**Exercise goal:** Copy every entry word for word. Skip the pictures.

Image-caption web data
Content starts

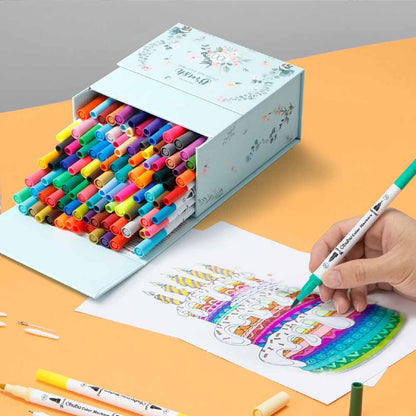 Set  160 marcadores  Maui 160 a base de agua doble punta  Pincel y Fineliner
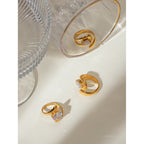 18K Altın Kaplama Paslanmaz Çelik Su Damlası Şeklinde Büyük Zirkon Açık Yüzük Alerjiye Karşı Kadın Su Geçirmez İfadeli Takı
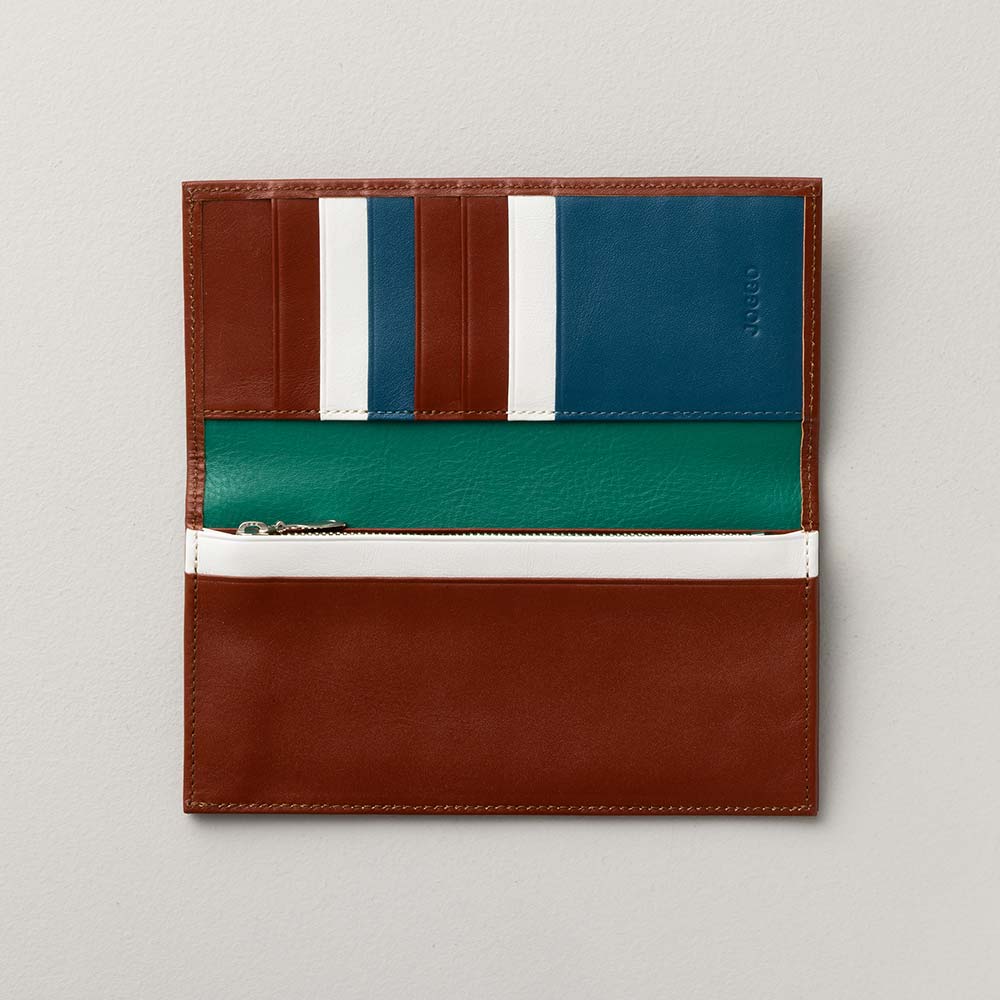 スリム長財布（カード収納13段） - 使用カラー：マロンブラウン×アイボリーホワイト×ピーコックブルー×ヒイラギリーフ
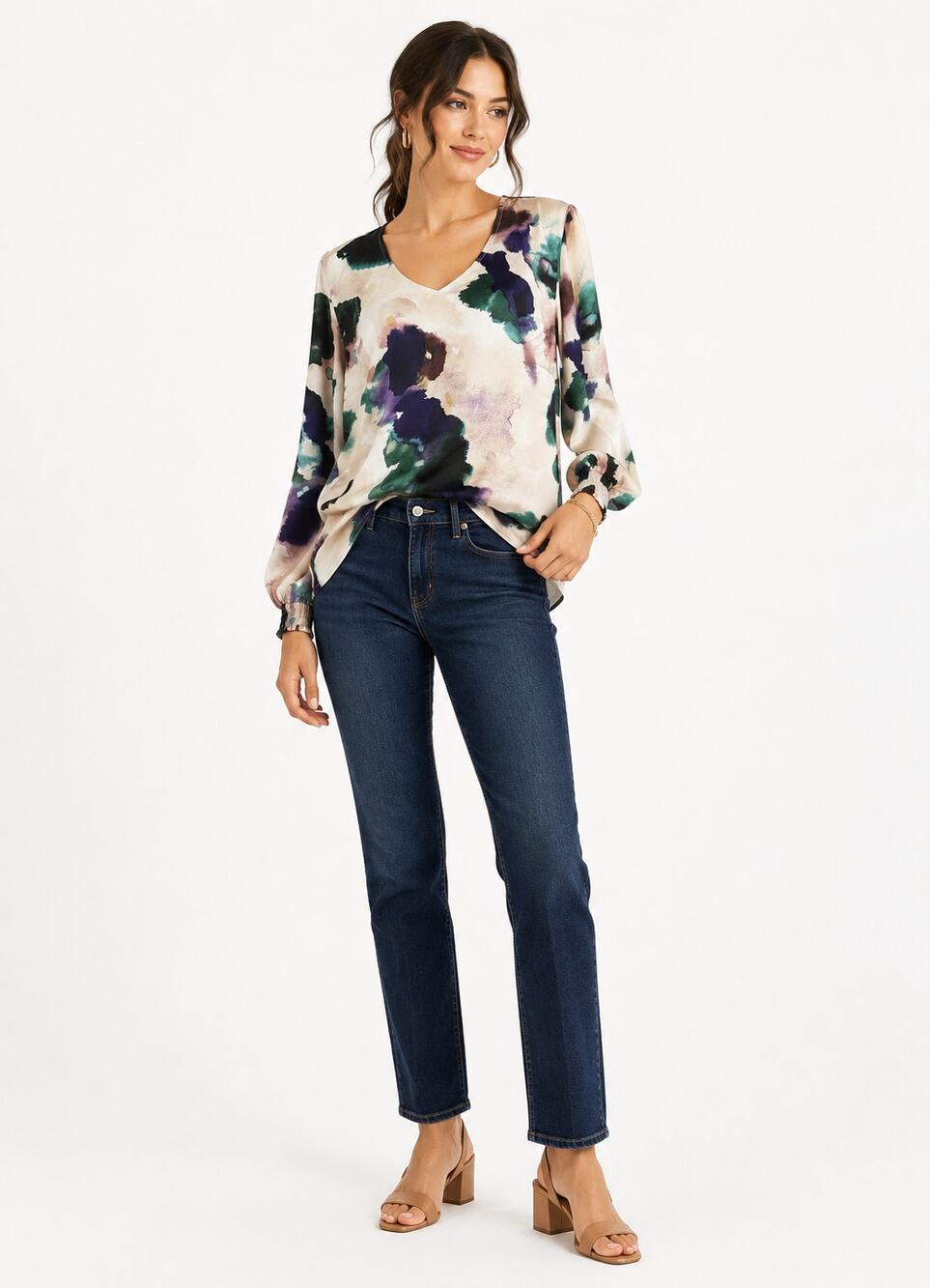 Cabi Mystic Aurora Watercolor Floral V Neck Puff Sleeve Boho Blouse M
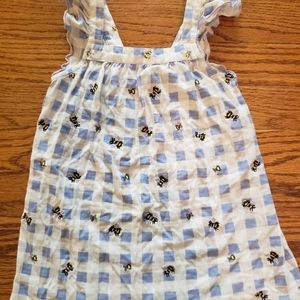 Peek Bumble Bee Checkered Ruffle Dress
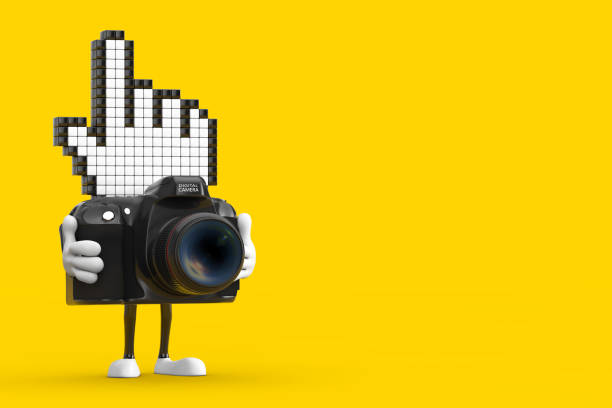 istock Pixel Hand Cursor Mascot Person Character with Modern Digital Photo Camera. 3d Rendering 1432690905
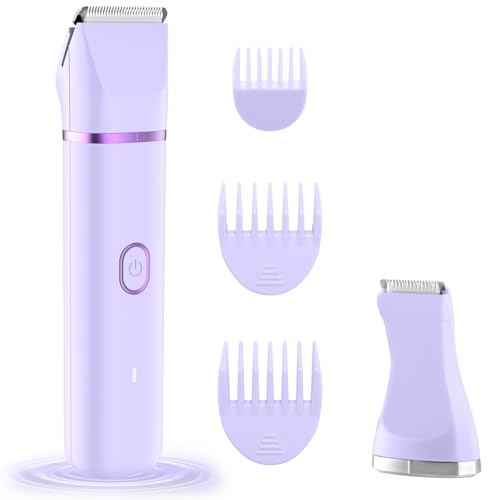 Image of Bikini Trimmer for Women, 2-in-1 Waterproof Painless Body Shaver for Legs, Underarms, Bikini Line with Narrow & Wide Ceramic Blades, 3 Combs, USB Rechargeable, Travel Friendly Gift for Women,Mauve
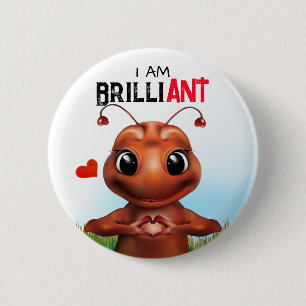 Ant Pun Gebarentaal Ronde Button 5,7 Cm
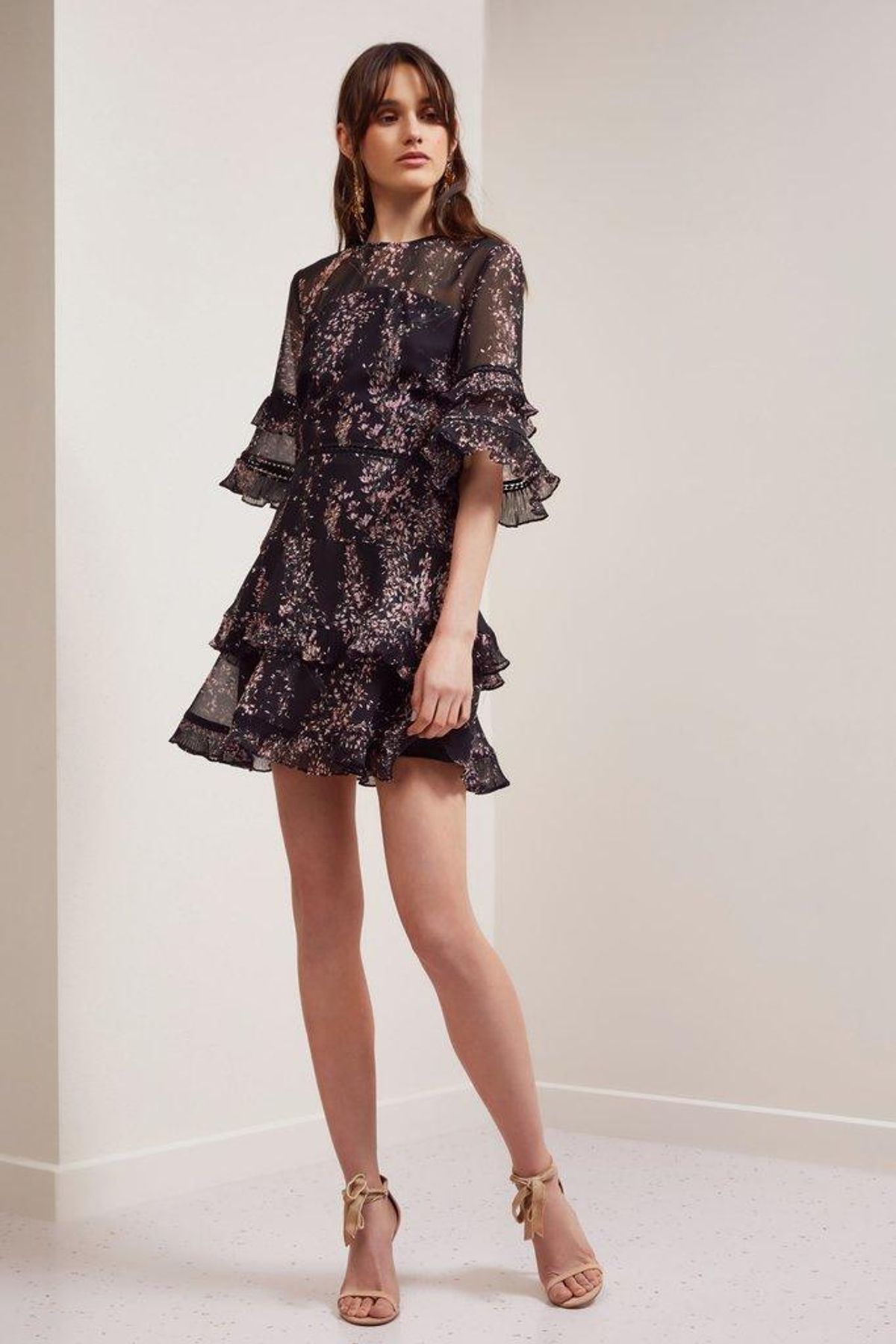 Keepsake Light Up Mini Dress in Black Wildflower Floral Size 6 for rent on The Volte - main image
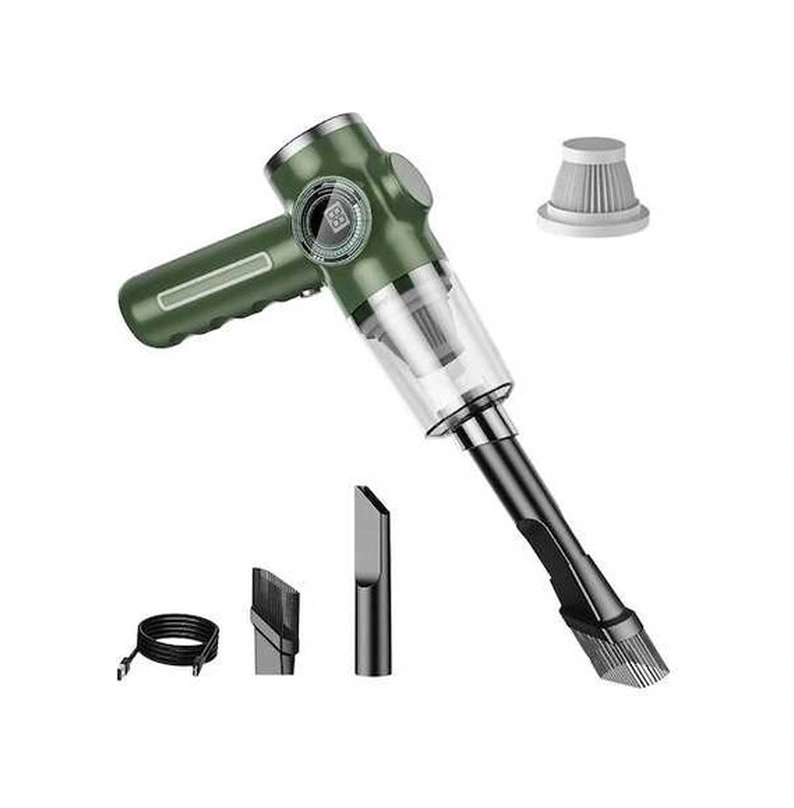 Tongxida 5 İnci Araba Elektrikli Süpürge, 290000pa Güçlü Emiş, Jl Model, Orta Boy, Ev Ve Ofis Kullanımı Yeşil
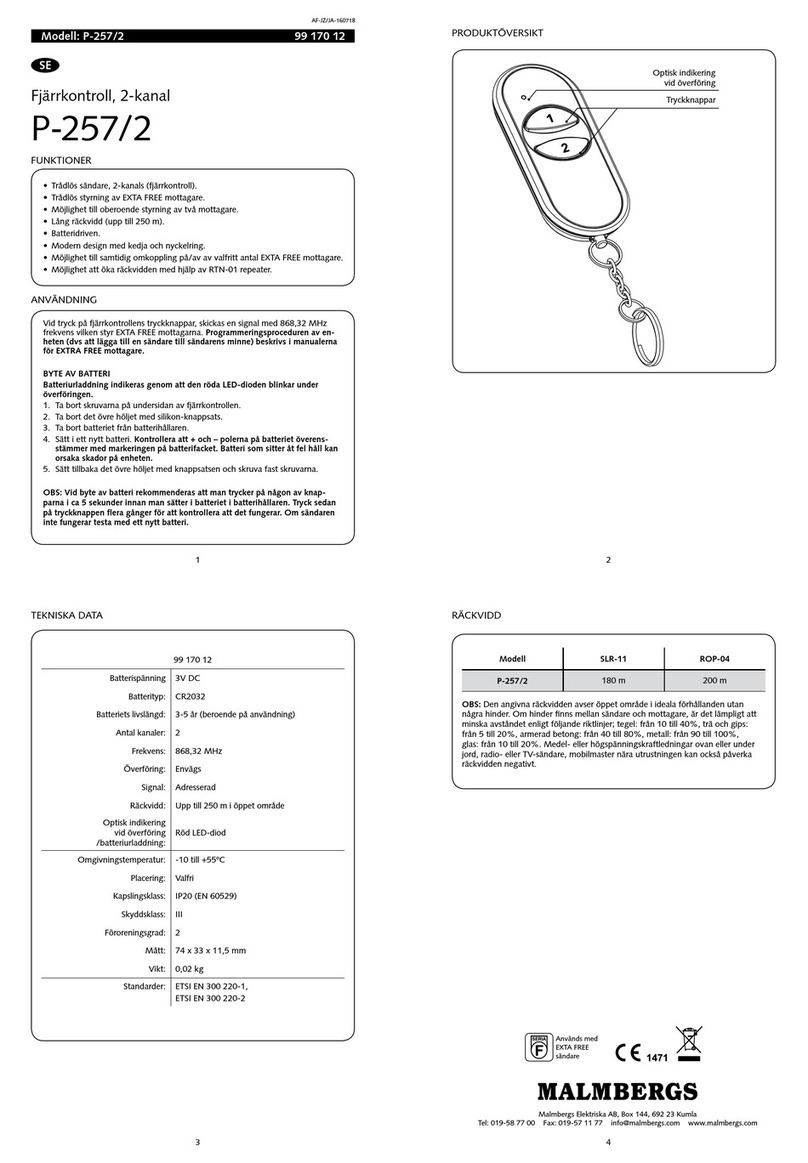 Malmbergs P-257/2 User manual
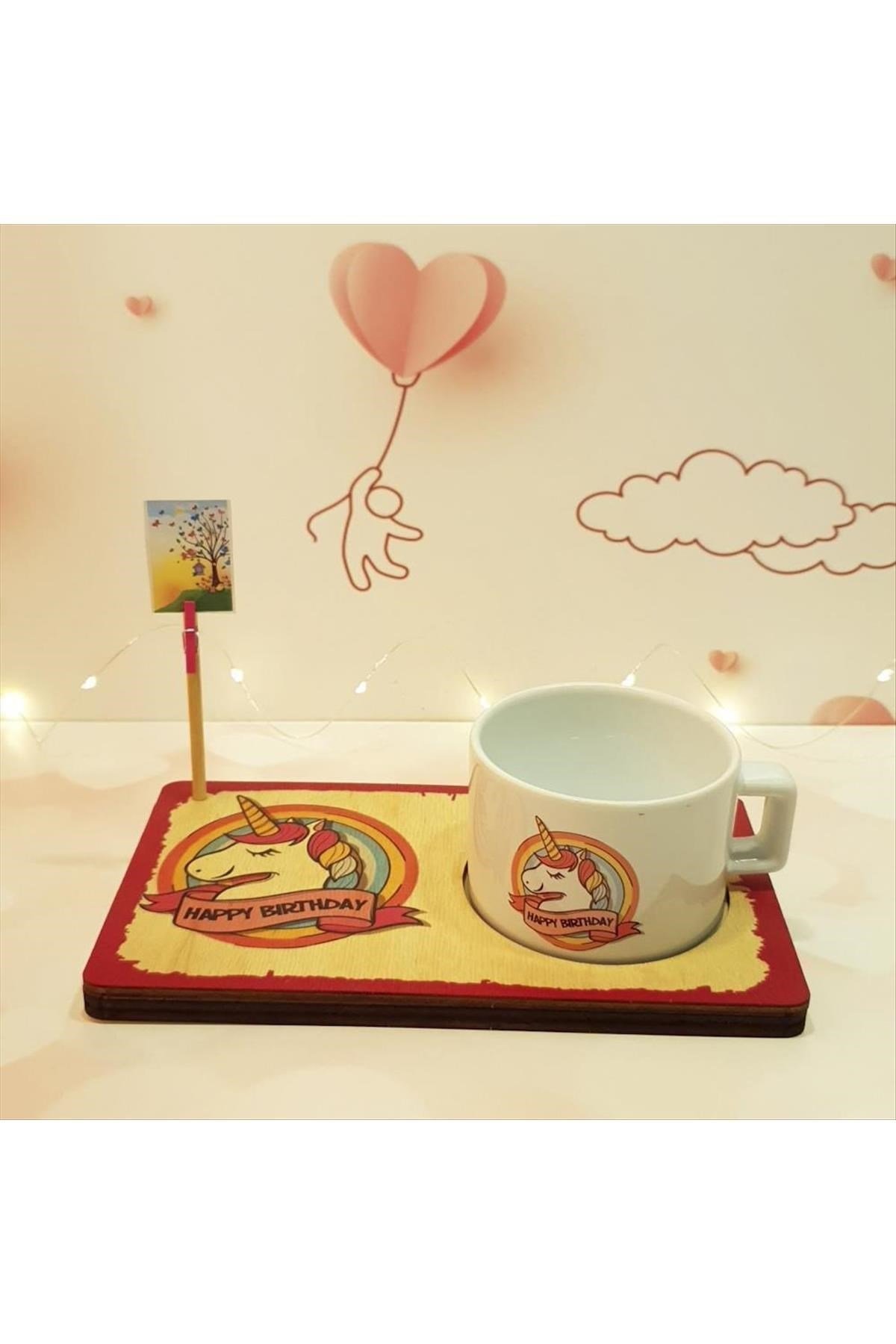 Happy Birthday (Doğum Günün Kutlu Olsun) Figürlü Ahşap Notluk Kupa Seti
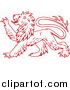 Vector Clipart of a Heraldic Lion Clawing Outwards with Paw - Red Outlined Version by Vector Tradition SM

Content ends

**Written reply:**
 Set  160 marcadores  Maui 160 a base de agua doble punta  Pincel y Fineliner
 18K Altın Kaplama Paslanmaz Çelik Su Damlası Şeklinde Büyük Zirkon Açık Yüzük Alerjiye Karşı Kadın Su Geçirmez İfadeli Takı
 スリム長財布（カード収納13段） - 使用カラー：マロンブラウン×アイボリーホワイト×ピーコックブルー×ヒイラギリーフ
 Cabi Mystic Aurora Watercolor Floral V Neck Puff Sleeve Boho Blouse M
 Peek Bumble Bee Checkered Ruffle Dress
 istock Pixel Hand Cursor Mascot Person Character with Modern Digital Photo Camera. 3d Rendering 1432690905
 Image of Bikini Trimmer for Women, 2-in-1 Waterproof Painless Body Shaver for Legs, Underarms, Bikini Line with Narrow & Wide Ceramic Blades, 3 Combs, USB Rechargeable, Travel Friendly Gift for Women,Mauve
 Ant Pun Gebarentaal Ronde Button 5,7 Cm
 Keepsake Light Up Mini Dress in Black Wildflower Floral Size 6 for rent on The Volte - main image
 Tongxida 5 İnci Araba Elektrikli Süpürge, 290000pa Güçlü Emiş, Jl Model, Orta Boy, Ev Ve Ofis Kullanımı Yeşil
 Malmbergs P-257/2 User manual
 Happy Birthday (Doğum Günün Kutlu Olsun) Figürlü Ahşap Notluk Kupa Seti
 Vector Clipart of a Heraldic Lion Clawing Outwards with Paw - Red Outlined Version by Vector Tradition SM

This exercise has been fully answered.